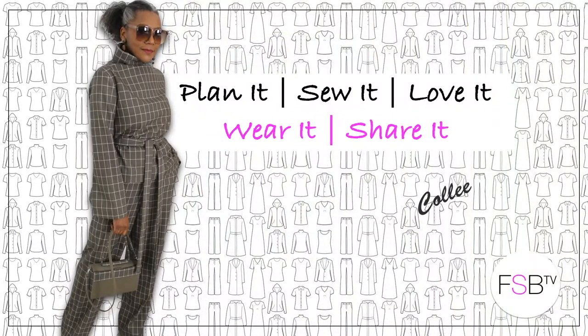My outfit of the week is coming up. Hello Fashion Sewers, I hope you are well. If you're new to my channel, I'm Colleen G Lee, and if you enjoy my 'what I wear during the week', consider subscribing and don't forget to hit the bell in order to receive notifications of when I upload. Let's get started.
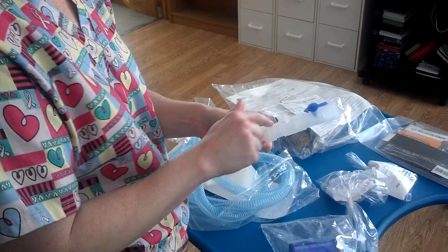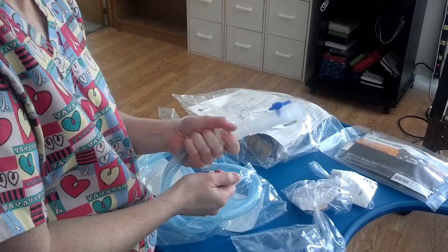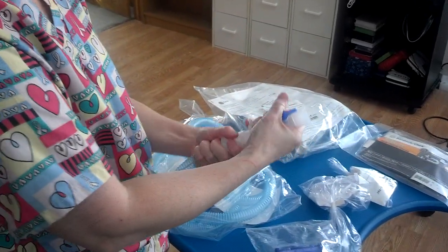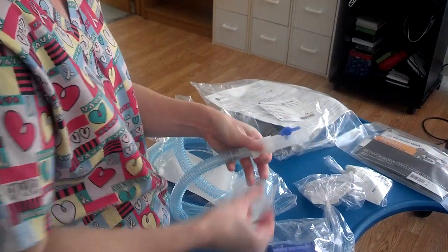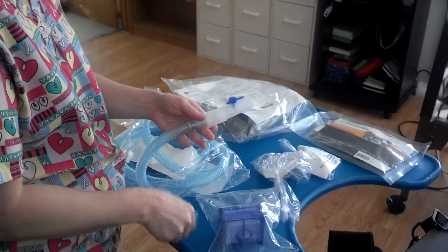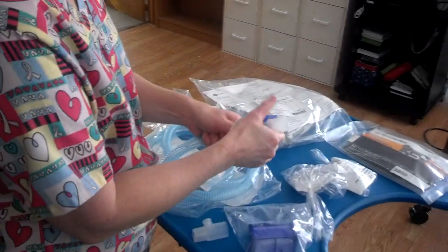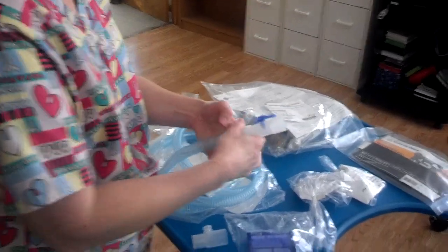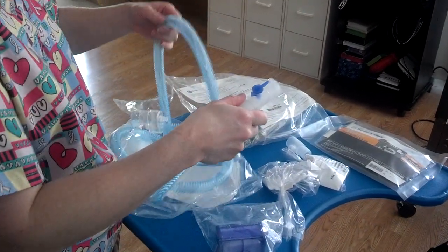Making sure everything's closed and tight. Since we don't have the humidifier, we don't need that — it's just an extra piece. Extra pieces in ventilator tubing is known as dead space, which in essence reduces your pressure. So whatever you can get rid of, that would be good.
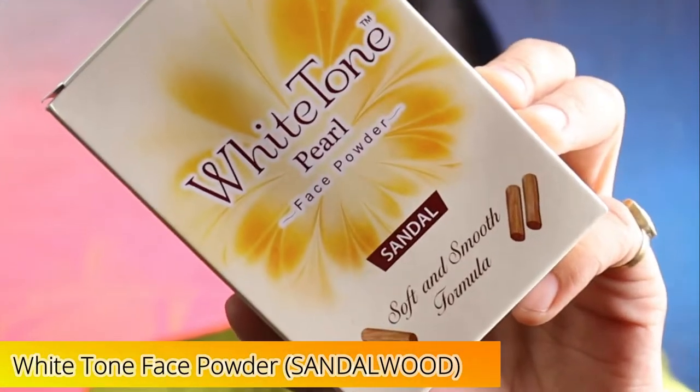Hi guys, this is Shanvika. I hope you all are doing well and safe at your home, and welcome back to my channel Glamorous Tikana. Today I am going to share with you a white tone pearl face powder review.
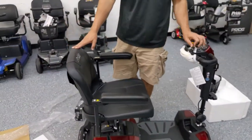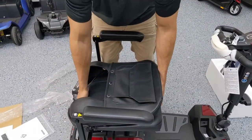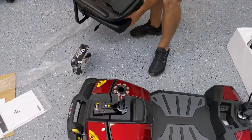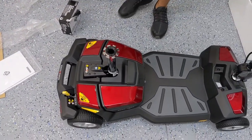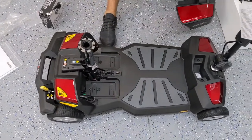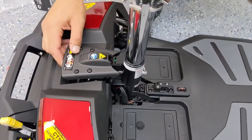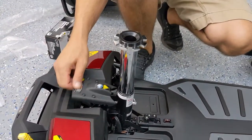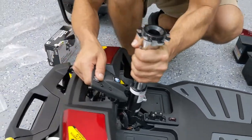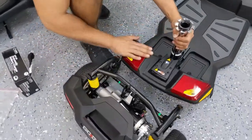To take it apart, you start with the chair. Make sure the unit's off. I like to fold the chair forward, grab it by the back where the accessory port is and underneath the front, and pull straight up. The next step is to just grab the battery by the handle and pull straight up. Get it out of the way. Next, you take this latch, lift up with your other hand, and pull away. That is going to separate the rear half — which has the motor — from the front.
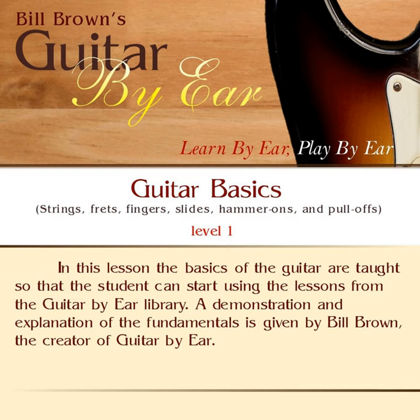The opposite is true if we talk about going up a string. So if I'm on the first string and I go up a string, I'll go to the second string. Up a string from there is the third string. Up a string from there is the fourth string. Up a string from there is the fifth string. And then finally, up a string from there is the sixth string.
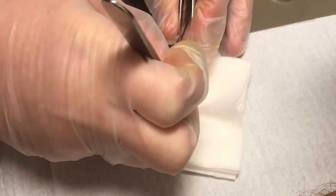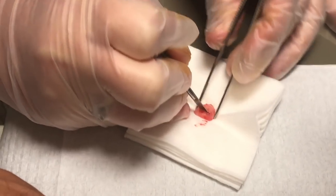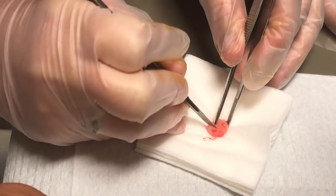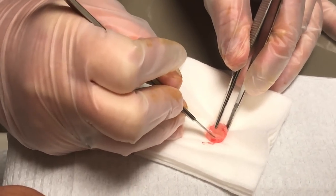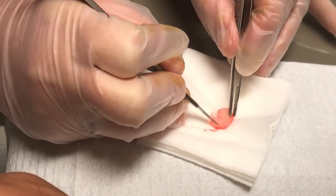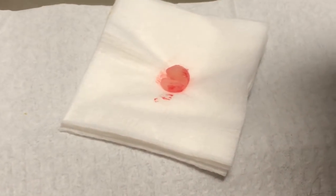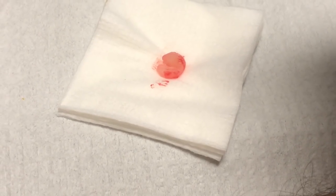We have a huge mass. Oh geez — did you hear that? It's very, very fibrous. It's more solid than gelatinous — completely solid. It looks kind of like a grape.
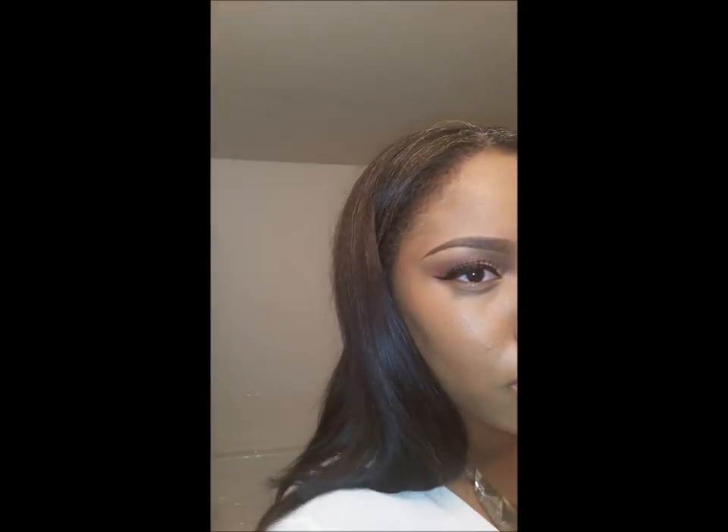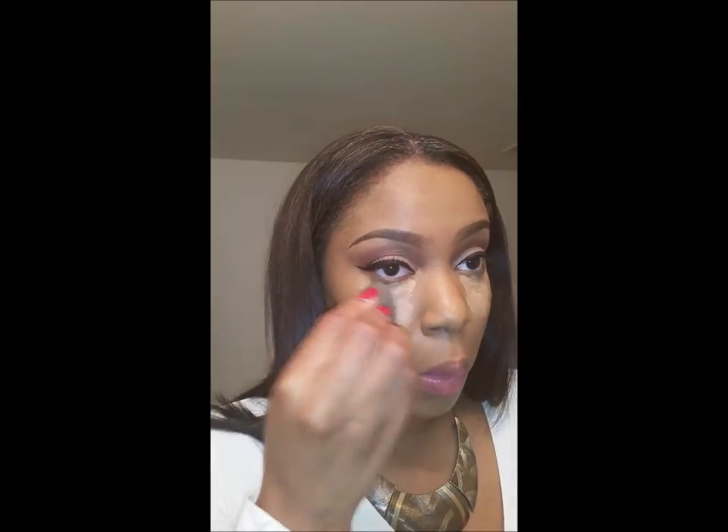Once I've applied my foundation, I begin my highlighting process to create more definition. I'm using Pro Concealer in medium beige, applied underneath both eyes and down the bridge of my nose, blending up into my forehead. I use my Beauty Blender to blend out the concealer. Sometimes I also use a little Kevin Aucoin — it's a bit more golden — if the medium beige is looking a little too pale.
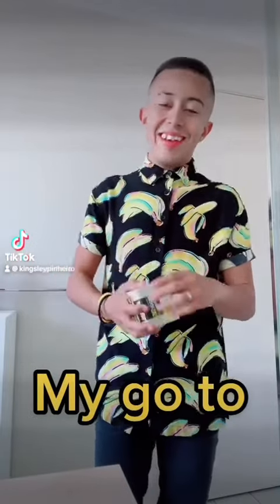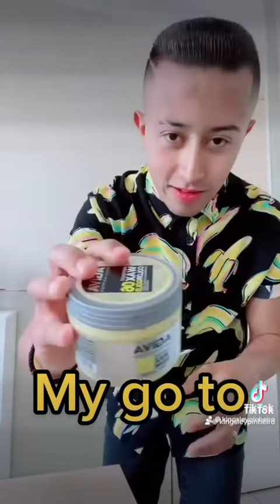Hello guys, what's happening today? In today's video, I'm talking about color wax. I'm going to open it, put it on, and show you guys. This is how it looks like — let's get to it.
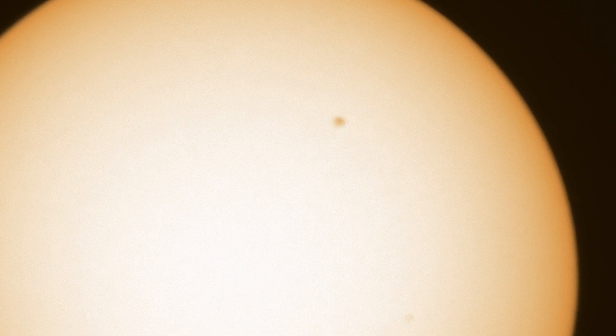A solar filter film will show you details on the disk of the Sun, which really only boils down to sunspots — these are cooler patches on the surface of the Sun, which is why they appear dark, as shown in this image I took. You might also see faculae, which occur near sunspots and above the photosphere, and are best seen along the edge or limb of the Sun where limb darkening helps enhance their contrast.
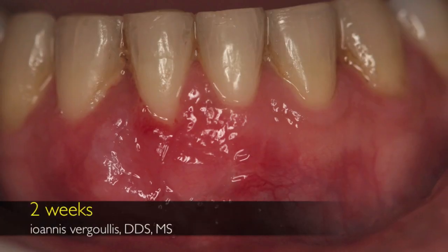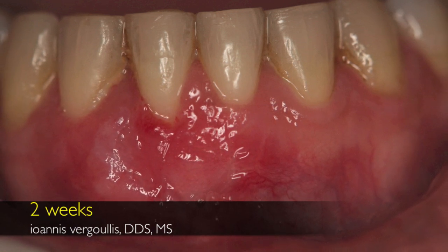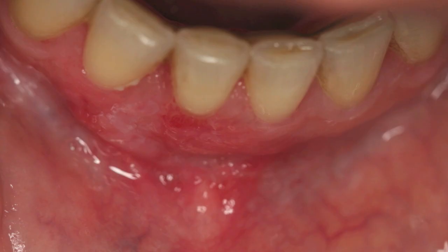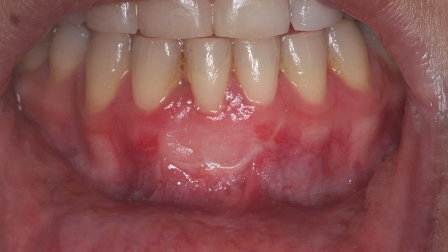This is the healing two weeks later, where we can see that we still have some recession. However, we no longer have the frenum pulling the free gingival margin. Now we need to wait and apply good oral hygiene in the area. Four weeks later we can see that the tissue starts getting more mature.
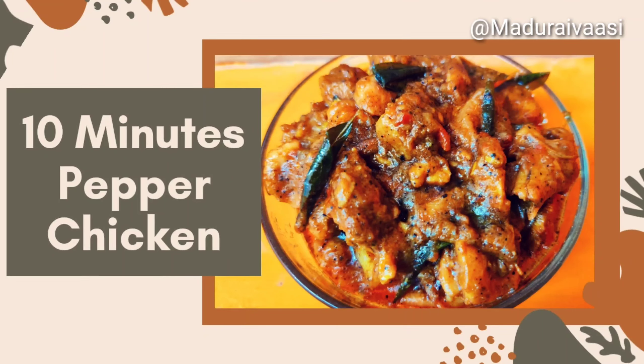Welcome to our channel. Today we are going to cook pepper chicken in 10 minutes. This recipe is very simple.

★ ★ ★ ★ ★ ★ ★

**What you should do**
Drop the pictures; return the lines above from the line containing "The opposite is" to the line containing "A solar filter", both included, exactly.

**Written response**
The opposite is true if we talk about going up a string. So if I'm on the first string and I go up a string, I'll go to the second string. Up a string from there is the third string. Up a string from there is the fourth string. Up a string from there is the fifth string. And then finally, up a string from there is the sixth string.
We have a huge mass. Oh geez — did you hear that? It's very, very fibrous. It's more solid than gelatinous — completely solid. It looks kind of like a grape.
Once I've applied my foundation, I begin my highlighting process to create more definition. I'm using Pro Concealer in medium beige, applied underneath both eyes and down the bridge of my nose, blending up into my forehead. I use my Beauty Blender to blend out the concealer. Sometimes I also use a little Kevin Aucoin — it's a bit more golden — if the medium beige is looking a little too pale.
Hello guys, what's happening today? In today's video, I'm talking about color wax. I'm going to open it, put it on, and show you guys. This is how it looks like — let's get to it.
A solar filter film will show you details on the disk of the Sun, which really only boils down to sunspots — these are cooler patches on the surface of the Sun, which is why they appear dark, as shown in this image I took. You might also see faculae, which occur near sunspots and above the photosphere, and are best seen along the edge or limb of the Sun where limb darkening helps enhance their contrast.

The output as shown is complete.